Bagi mereka yang memilih untuk tetap menikah di bulan Suro, penting untuk memiliki keyakinan yang kuat dan tidak terpengaruh oleh sugesti negatif. Sebaliknya, bagi yang memilih menunda pernikahan hingga bulan berikutnya, hal tersebut juga merupakan pilihan yang dapat dihormati sebagai bentuk penghargaan terhadap tradisi leluhur.

Tanya Jawab Seputar Larangan Menikah di Bulan Suro

Q: Kapan bulan Suro 2025 dimulai dan berakhir? 

A: Berdasarkan penanggalan Jawa, 1 Suro 1959 Jawa jatuh pada Sabtu Legi 28 Juni 2025. Namun dalam tradisi Jawa, malam dianggap sebagai bagian dari hari berikutnya, sehingga malam 1 Suro sudah dimulai sejak matahari terbenam pada Jumat Kliwon 27 Juni 2025.

Q: Apa saja kegiatan yang dilarang selama bulan Suro? 

A: Selain pernikahan, masyarakat Jawa juga pantang menggelar pesta, khitanan, membangun rumah, atau kegiatan hajatan lainnya yang bersifat riuh dan meriah.
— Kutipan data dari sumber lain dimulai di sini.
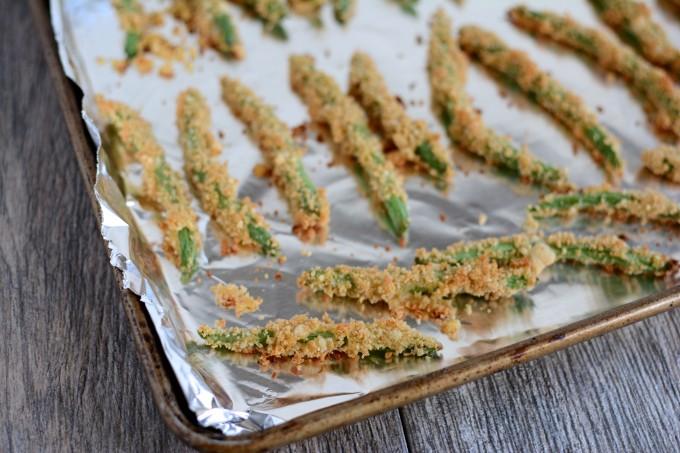 Crispy green bean fries on a sheet pan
Bulan ini lebih cocok untuk kegiatan spiritual seperti tirakat, meditasi, tahlilan, dan ziarah ke makam leluhur.

Q: Bagaimana jika sudah terlanjur merencanakan pernikahan di bulan Suro? 

A: Secara agama, tidak ada larangan mutlak untuk menikah di bulan Suro. Keputusan tetap ada di tangan calon pengantin dengan mempertimbangkan kepercayaan keluarga dan lingkungan sosial. Yang terpenting adalah kesiapan mental, spiritual, dan finansial kedua calon pengantin.

Q: Apakah ada cara untuk "menetralisir" dampak negatif jika tetap menikah di bulan Suro? 

A: Dalam kepercayaan tradisional, beberapa orang melakukan ritual selamatan atau doa bersama. Namun dari perspektif agama, yang terpenting adalah berdoa, bertawakal kepada Allah, dan menjalani pernikahan dengan komitmen yang kuat serta komunikasi yang baik.